As a senior in 2021, he started all 12 games at safety, posting 81 tackles (third on the team), 4 tackles for loss, 6 pass breakups, one interception and 2 forced fumbles. He was named honorable-mention all-conference. In the sixth game against Duke University, he had 11 tackles and one interception. In the ninth game against the University of Miami, he made 9 tackles, 1.5 tackles for loss, one sack and one forced fumble (which was returned for a touchdown). He was invited to the NFL Scouting Combine after the conclusion of his collegiate career.

==Professional career==

Pre-draft measurables
| Height | Weight | Arm length | Hand span | Wingspan | 40-yard dash | 10-yard split | 20-yard split | 20-yard shuttle | Three-cone drill | Vertical jump | Broad jump | Bench press |
| 6 ft 0+3⁄4 in (1.85 m) | 212 lb (96 kg) | 32+3⁄8 in (0.82 m) | 9+3⁄4 in (0.25 m) | 6 ft 6+1⁄8 in (1.98 m) | 4.55 s | 1.54 s | 2.62 s | 4.18 s | 7.33 s | 34.0 in (0.86 m) | 10 ft 2 in (3.10 m) | 17 reps |
All values from NFL Combine/Pro Day

===Dallas Cowboys===
After going unselected in the 2022 NFL draft, Thomas signed with the Dallas Cowboys as an undrafted free agent. He did not make the final roster but afterwards joined the practice squad. He signed a reserve/future contract on January 23, 2023. After impressing in the 2023 preseason, he made the Cowboys' final roster. In his NFL debut against the New York Giants in week one, Thomas blocked a field goal that resulted in the Cowboys' first touchdown in their 40–0 win.
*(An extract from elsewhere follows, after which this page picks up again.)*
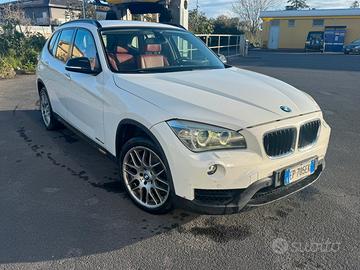 Bmw x1 180xdrive msport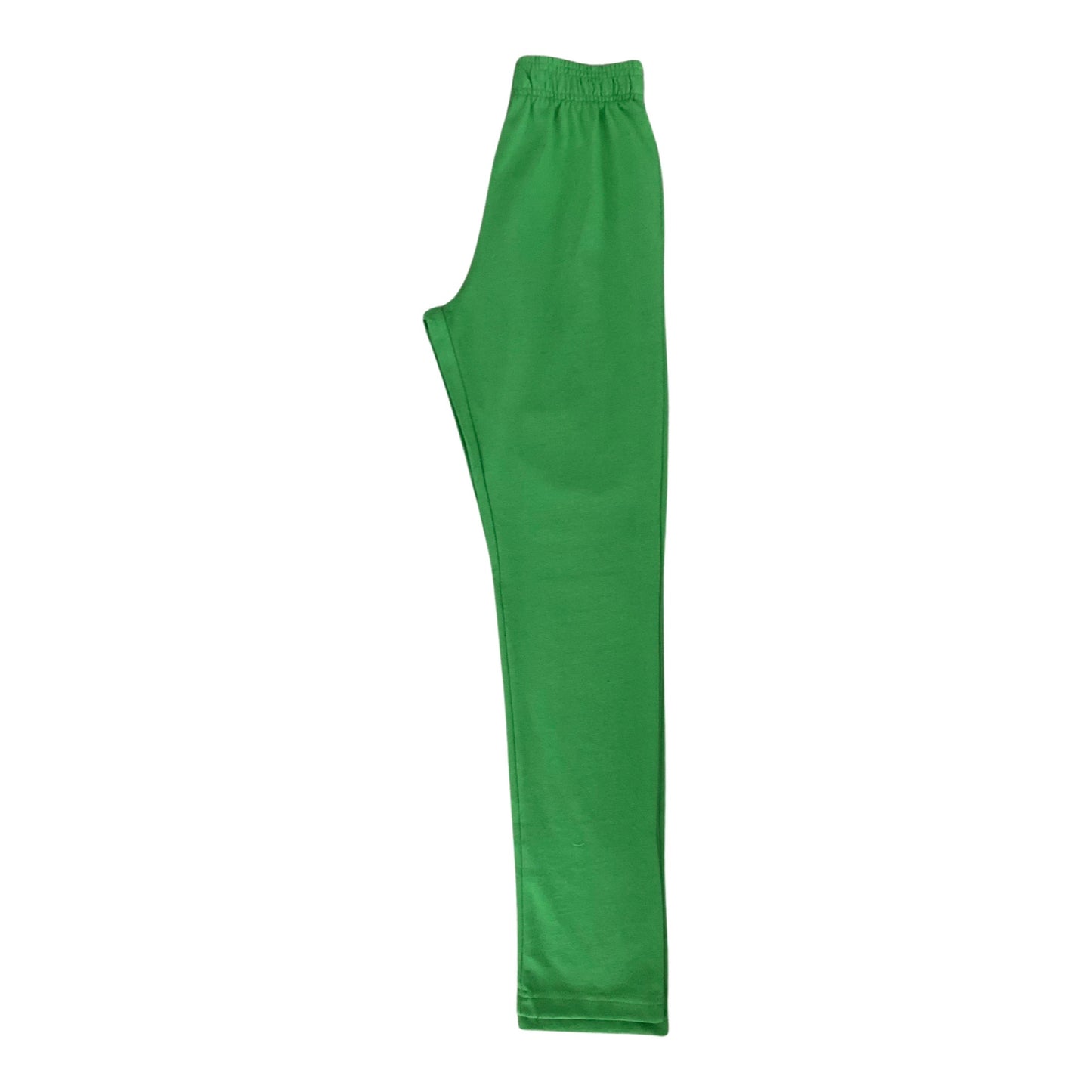 Green Cotton Suit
In Week 12 of the 2024 season, Thomas returned an onside kick for his first NFL touchdown that helped the Cowboys defeat the Washington Commanders, 34–26.

Thomas began the 2025 campaign as one of Dallas' reserve safeties, recording 26 combined tackles in seven games (including three starts as the result of an injury to Malik Hooker). On November 12, 2025, the Cowboys placed Thomas on the reserve/non-football illness list due to chronic migraine attacks that began affecting his vision.

===Indianapolis Colts===
On March 16, 2026, Thomas signed a one-year contract with the Indianapolis Colts. He was released on August 30.

==Personal life==
Juanyeh's mother is Stephanie Thomas. He has 4 siblings, sisters Cachet and Na'Taliyeh, and brothers Azende', who also played college football, and Thomas's younger brother, Azareye'h played cornerback for the Florida State Seminoles; Azareye'h currently plays for the New York Jets. On March 24, 2024, Thomas and his girlfriend Brandi Yvonne announced the birth of their first child.